The more I read about our banking industry, the more disgusted I get. I am amazed that people are still apathetic or oblivious what’s really happening.
Another of my daily reads is: http://www.nakedcapitalism.com
I’m with you on the Naked Capitalism vote. Here’s an excerpt from NK’s take on the President’s latest plan to save housing:
So why is the Administration bothering to do this?
First, Obama is addicted to the appearance of Doing Something, regardless of whether it is productive. A clear sign is the apparent failure to investigate why HARP was a dud. As a management consultant, I’ve often been brought in to help clients dig their way out of failed initiatives. Almost without exception, their idea of what went wrong misses critical issues from the customer perspective. Cardoza suggests the banks dragged their feet. Another possibility is borrowers who are seriously underwater don’t want a refi; they might want a short sale or a principal mod. Remember, default is highly correlated with how deeply a home is underwater. And that makes sense: why should any one struggle to stay in a home if it’s a losing investment? Some parents may stay so as not to disrupt their children, or because they find the stress, legal hassle, and credit rating damage of a default to be too daunting. So even if a refi makes economic sense, borrowers may feel it commits them more to a home that they need to exit.
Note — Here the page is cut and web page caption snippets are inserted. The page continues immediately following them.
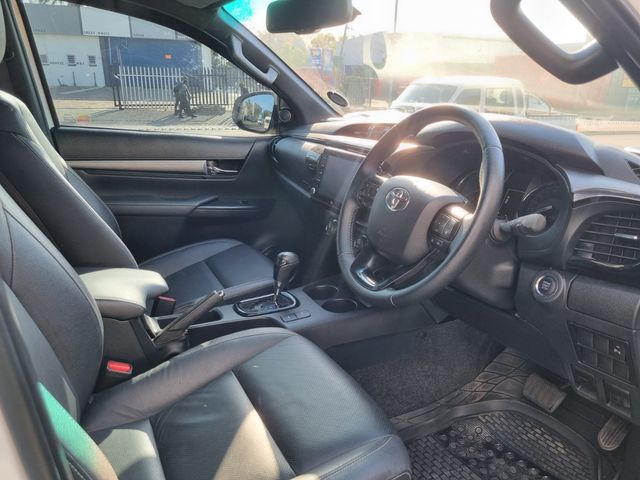 2025 Toyota Hilux 2.8 GD-6 Raised Body Raider Auto Double-Cab, photo 5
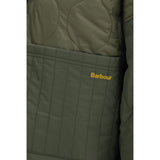 Barbour Bicolor Polyester Shell Jacket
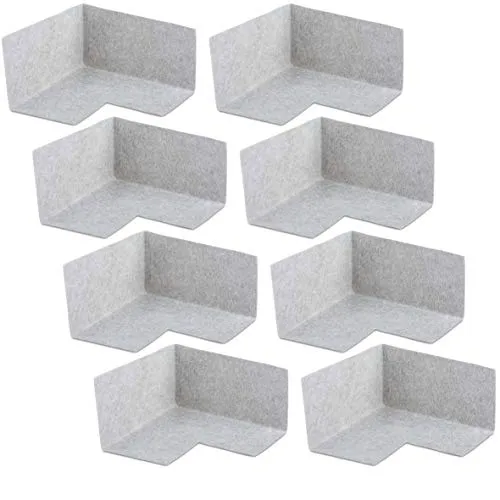 Innenecke 8 Stk. Innen Dichtecke Eckabdichtung Abdichtung Fliesen Flussigfolie Dusche Dichtband Balkonabdichtung Dusche Bad G03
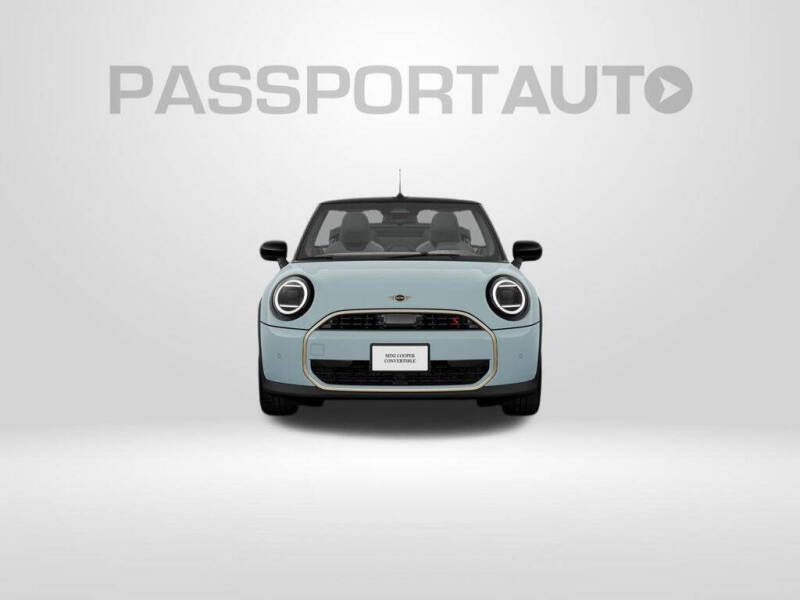 2026 MINI Convertible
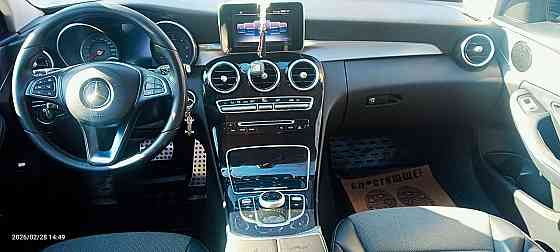 Mercedes C-Class 2017 год Кишинёв Кишинёв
Second, this is a sop to the banks, because a refi ends any liability associated with the origination of the mortgage, including putback liability. Now that would seem to be a big “get out of jail free” card for banks engaged in putback litigation. But the reason this is not as nefarious as it might seem is that current mortgages aren’t the big bone of contention in putbacks (even if the originator lied, the borrower is paying, so there are no damages). But it would also end any chain of title issue on that mortgage. I’ve had lawyers calling me about the “empty trust” question, that mortgages might never have been conveyed properly to securitization trusts. Kemp v. Countrywide, in which a senior Bank of America servicing officer said Countrywide retained the notes (the borrower IOU) as standard practice raises the possibility that many of its securitizations were in fact empty trusts. The more mortgages that it can get refinanced, the lower its liability would be.
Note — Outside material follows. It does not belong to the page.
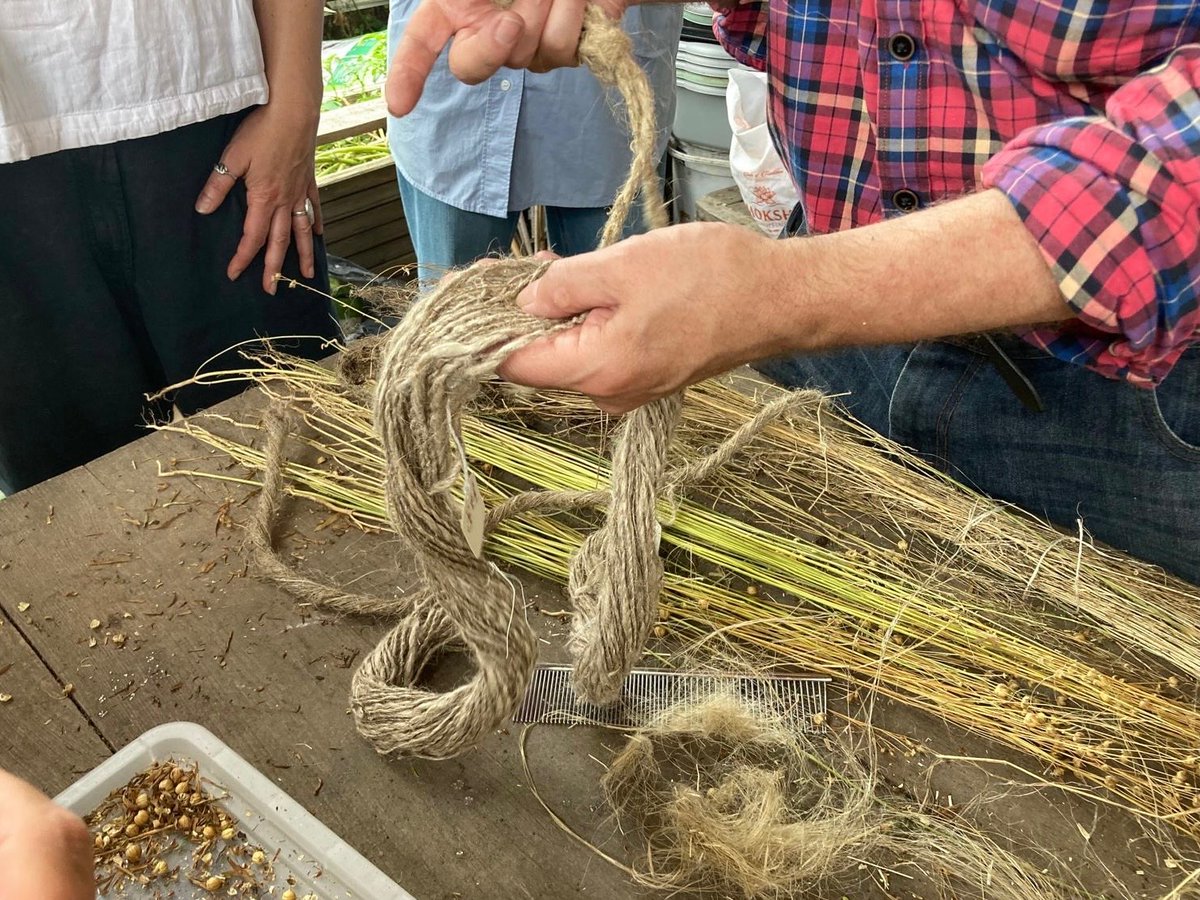 Ariadne's Thread Group tweet media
This plan is yet more proof that this Administration is not about to inconvenience banks to help homeowners and communities. It has tools in its power than would change the incentives for banks and make them far more willing to do what the overwhelming majority of mortgage investors would prefer, which is provide deep principal mods for viable borrowers. Forcing banks to write down seconds, and taking an aggressive stance on foreclosure fraud would restructuring debt more attractive than it is now. But just as the banks and their captured governments in Europe seem intent on grinding down entire economies to extract their pound of flesh, so are banks in the US continuing to operate a doomsday machine that grind up housing with no regard for the economic and social costs.
All politicians are adicted to the appearance of doing something. They have to be. When a problem is generally recognized, it is almost always too late to do the right thing (prevent it). So they have to look like they are doing something to fix it.
There is a reason why airports are all set up to prevent the last attempt, but shipping containers are still uninspected. Inspecting shipping containers is boring, expensive and not visible to most people. Taking your shoes off at the airport is showy. Guess which one we have.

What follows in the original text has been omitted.